The Deh Cho First Nation wants to link approval to ownership of mineral rights still subject to an existing land claim. The Canadian government also has rejected their claim to collect property taxes from the pipeline.
Further complicating matters, Northwest Territories is pursuing its decades-old bid to collect its own resource royalties rather than have them transferred through the federal government, and to gain greater control over resource development. The federal government has offered C$500 million in socio-economic funds to aboriginal communities along the planned pipeline route, but its allocation to aboriginal communities is still undefined. It will take a lot of work to remove the 1977 moratorium.
A second and much larger pipeline could deliver natural-gas supplies first, if a deal is not reached on the Mackenzie pipeline soon. Completion of the Alaskan natural-gas pipeline project could potentially supply 4.5 Bcf/d. It would be a mammoth project, with an estimated price tag in the $20 billion range. To achieve financing, the sponsors received in October 2004 government support in the form of loan guarantees and tax incentives. The Energy Policy Act of 2005 gave no support to this pipeline project. However, it does state that the Federal Energy Regulatory Commission is responsible for any future studies to be carried out for this project (in the United States), rate design, and impact on the environment. The current agreement before the legislature for approval involves the state of Alaska converting its royalty interest in gas production into a 20 percent equity interest in the pipeline, with linkage to a new 20 percent tax rate on oil production and a 20 percent credit rate on exploration and production spending.
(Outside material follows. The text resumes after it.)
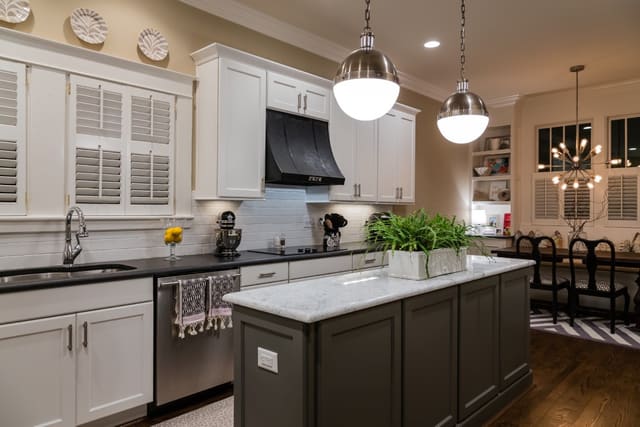 Remodeled Kitchen with white subway tile, white cabinets, contrasting island, and large pendants.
The online date also could be affected by progress on the Mackenzie pipeline project, and the timing of incremental LNG regasification capacity, as well as its total marginal cost upstream of the takeaway pipelines. Currently, the estimates and projections for the LNG are that it would come in at a lower total into pipeline cost than the Alaskan gas delivered to either AECO or Joliet, and that LNG (including liquefaction capacity) has a shorter construction period than the 8 to 10 years estimated for the Alaskan pipeline. Also, controversy surrounds future producer access to the pipeline, other than the key sponsors (BP, ConocoPhillips, and Exxon/Mobil) who will build the Canadian portion of the system (TransCanada or Enbridge) and intra-Alaskan shipments using lateral lines. Also, in February 2006, the governor of Alaska introduced a bill affecting the fiscal rules for the three major sponsors of this project.
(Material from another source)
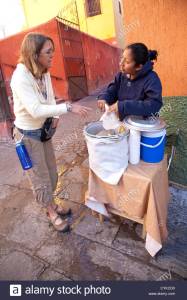Source-_Alamy stock_north-america-mexico-guanajuato-state-guanajuato-woman-buying-hot-CYKCD0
The bill would replace the state’s production-based tax on oil with a tax tied to producer profits. Producers would pay a 20 percent tax rate and receive a 20 percent tradable tax credit. Tax revenues would be lower when initial capital investments would be made and, consequently, higher as production increases. Once the oil tax changes are approved, the governor, in a separate bill, would ask legislators to approve of the new oil tax terms to be incorporated into a gas pipeline project during a special session to be called for this spring or early summer if the tax bill is passed. The sponsors are encouraged to see that the fiscal aspects of the project, and their long-term stability are moving in a positive direction.
Only time will tell if either arctic pipeline gets built and how they compete with each other at their final delivery points, and with LNG. And LNG developers have their own set of issues: competition for liquefaction capacity, NIMBYism, and contracting. But for better or worse, the industry has staked its future on gas supplies from more exotic sources than in the past.